Dive Brief:
- Campbell Soup is closing its manufacturing facility in Columbus, Georgia, by spring 2022, the soup and snack maker said in a statement. The 94-year-old facility is the company's oldest manufacturing plant, and was part of Campbell's 2018 acquisition of Snyder's-Lance. It had several ownership changes over the years; Lance acquired the Columbus operation in 2005, when it was known as Tom’s Foods.
- Campbell plans to shut the facility down in phases over the next 18 months. The plant currently employs 326 individuals who make candy, crackers, cookies, nuts and bars. The company is providing support, including severance or separation packages, career counseling and transition support to any affected employees.

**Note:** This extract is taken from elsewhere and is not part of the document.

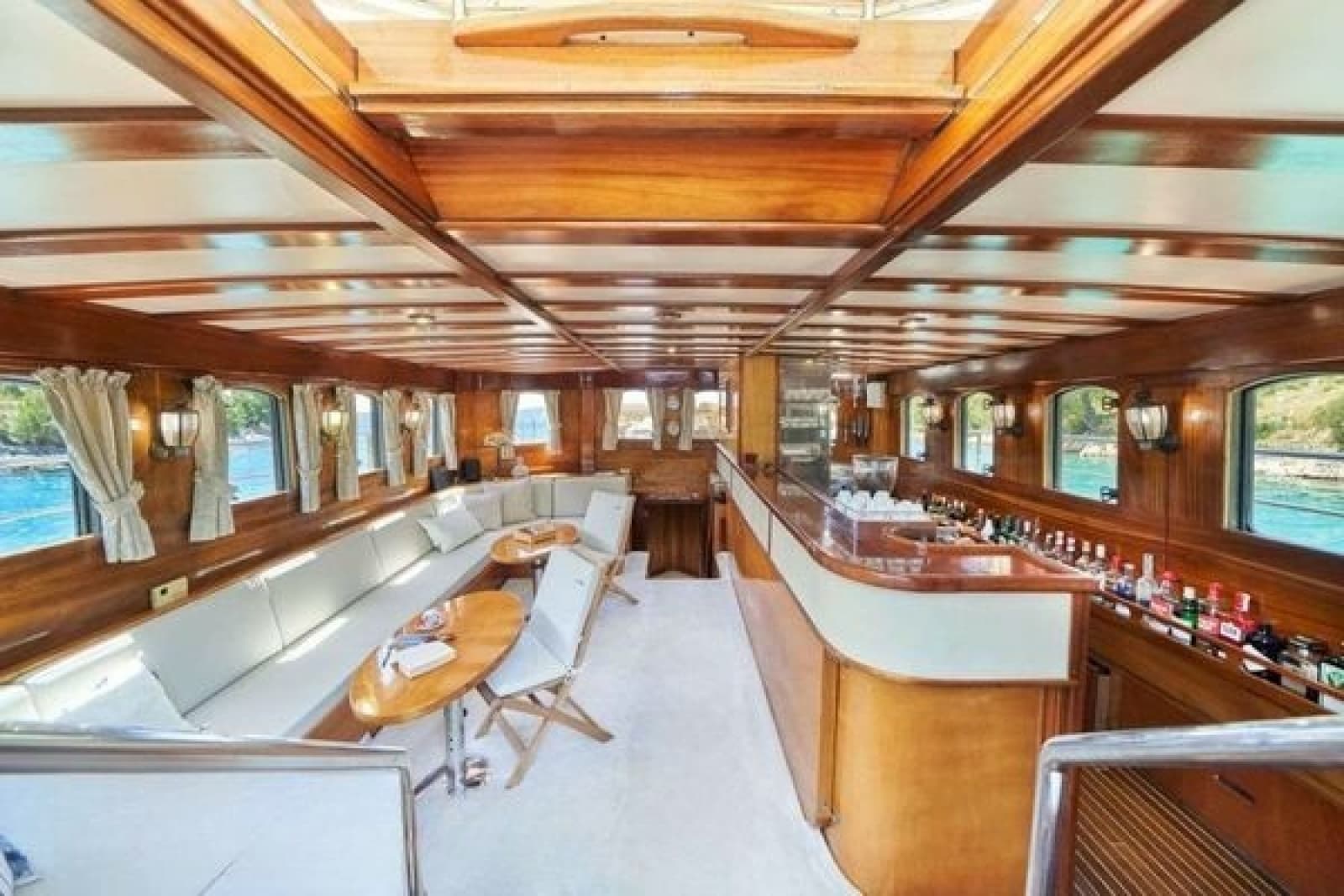 1985 Sterling Yachts 155 Motor Yacht - Photo 7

- Plant closures have been common during the last several years as large CPGs look to cut costs and focus their production on more modern facilities.
Dive Insight:
In deciding to close the Georgia plant, Campbell Soup is coming to the realization that the facility's age had finally caught up with it. The nearly century-old plant also is being shuttered because demand has waned for some offerings produced there, the company said. Campbell will phase out the production of candy under the Lance brand and shift production of its higher-demand Lance, Emerald and Late July snacks across its Snacks division’s manufacturing network.
“Closing one of our facilities is a very difficult decision," Valerie Oswalt, president of Campbell Snacks, said in a statement. "The Columbus plant is the oldest in our manufacturing network, making it difficult to retrofit."

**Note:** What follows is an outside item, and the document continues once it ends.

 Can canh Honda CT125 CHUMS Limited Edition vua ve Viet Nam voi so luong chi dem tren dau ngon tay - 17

The fact that a large CPG such as Campbell Soup is closing a plant is not uncommon in the food and beverage space. In the past, many companies have taken this approach to increase efficiencies and boost their bottom line. Nestlé, Kraft Heinz, TreeHouse Foods and General Mills are among the companies that have announced plant closures in the past few years.
It was reported last November that Mondelez International is considering closing biscuit manufacturing plants in Fair Lawn, New Jersey, and Atlanta as early as mid-2021. Mondelez said the two locations are no longer geographically strategic and the plants are facing operational challenges, including aging infrastructure that would require “significant investment” to be modernized.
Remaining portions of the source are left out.